The ONS makes a category mistake
Over recent decades, large increases in property prices have given considerable wealth to house owners. Many of these are affluent people in affluent areas. The less affluent in less affluent areas are paying more rent.
Housing supply, inequality and the under 30s
Recently the BBC reported research by DataLoft showing that people under 30 are facing a growing “cost-of-renting” crisis due to a lack of supply of housing, as demand for housing rises.
Elton Papri, a lettings manager at a Dudley-based branch of estate agent Shipways, said under 30s were “struggling at the moment” as there were not enough homes on the market.
Growing share of under-30s pay unaffordable rent
Housing is a major cause of inequality as old and affluent property owners increase their wealth and the young and the poor pay more rent.
Housing affordability and housing demand
Dame Kate Barker’s evidence to the Treasury Select Committee’s inquiry into housing policy noted the role of incomes in determining housing demand:
Indeed, house prices respond a lot to income growth […] the result of that is that people with money do get the space they want. People without money do not get the space.
So, people who are better off, drive market rates, increasing housing demand. The less well off are squeezed.

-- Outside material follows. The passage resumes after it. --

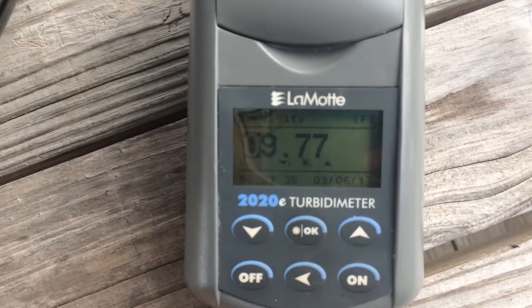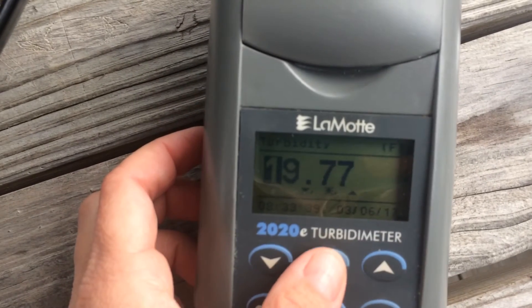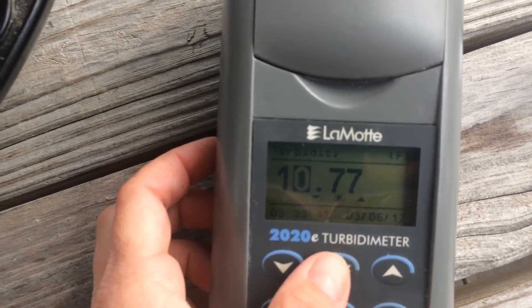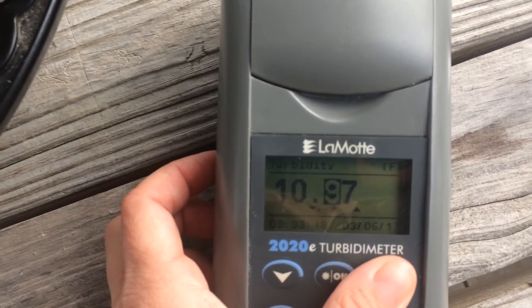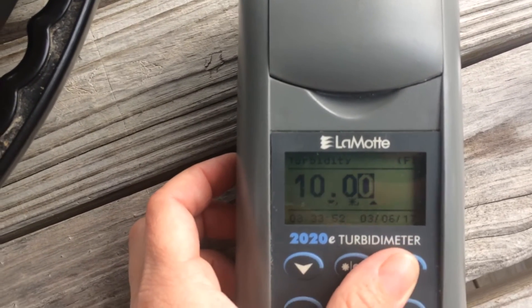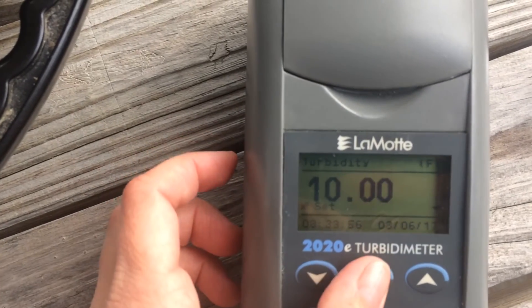Now you change the numbers to make it ten. Hit okay to go to the next digit. It needs to be a zero — hit okay to go to the next. Continue hitting okay through the remaining digits. When it says set, hit okay.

Planning Gain and Property Location Rights
When planning permission is granted for a building on a plot of land, it becomes more valuable:
In York, an area of agricultural land big enough for a house has a value of less than £700. This increases to around £200,000 when planning permission is given to locate a house on the plot.

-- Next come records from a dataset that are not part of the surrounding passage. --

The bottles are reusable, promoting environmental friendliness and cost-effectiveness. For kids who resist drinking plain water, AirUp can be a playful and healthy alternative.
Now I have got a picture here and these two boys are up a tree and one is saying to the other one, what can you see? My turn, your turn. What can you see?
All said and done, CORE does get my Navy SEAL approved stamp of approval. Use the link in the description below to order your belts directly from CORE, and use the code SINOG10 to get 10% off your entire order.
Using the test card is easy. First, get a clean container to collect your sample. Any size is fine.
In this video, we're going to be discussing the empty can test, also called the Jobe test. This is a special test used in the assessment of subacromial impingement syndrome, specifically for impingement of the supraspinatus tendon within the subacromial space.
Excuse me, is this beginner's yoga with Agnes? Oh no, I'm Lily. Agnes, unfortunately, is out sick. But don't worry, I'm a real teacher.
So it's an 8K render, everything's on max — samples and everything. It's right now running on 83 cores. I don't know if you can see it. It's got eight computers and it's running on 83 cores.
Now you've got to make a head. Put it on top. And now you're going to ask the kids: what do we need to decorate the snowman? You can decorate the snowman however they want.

Planning gain in the York Local Plan
This increase in value is planning gain, due to the right to locate a house on the land. Planning permission has created a new legal right: a Property Location Right.
A Property Location Right is a considerable proportion of the value of most buildings. If a building is removed but the right to have a building located on its plot remains, there can be considerable value left because of this Property Location Right. That’s why buildings are usually insured for less than their market value because even when a building is burnt down, value remains.
At the time planning permission is granted planning gain is equal to the Property Location Right that is created. At other times the value of Property Location Rights could be estimated but rarely are. They should be because of their enormous value.
Office of National Statistics & Property Location Rights
The Office of National Statistics do estimate the combined value of land and Property Location Rights for the UK but use the term land value for this combination. But land is a physical asset and a Property Location Right is a form of intellectual property, like patents. They are separate categories, and can be valued separately.
The article, Planning Permission is not a Natural Resource, attempts to separate the two. It calculates the value of Property Location Rights to be 50% of UK national wealth. The total value UK land, separated from Property Location Rights is only 3%.
The Category Mistake
Adding the value of a physical resource, land, to the value of a legal entity, a Property Location Right is not a Category Mistake in inself. The mistake occurs when the property “natural resource” is assigned to the combination.
Land my be a natural resource, a Property Location Right is not.
This “mistake” helps to disguise the artificial nature of the planning system, which is being used to transfer vast wealth from young and poor to old and affluent.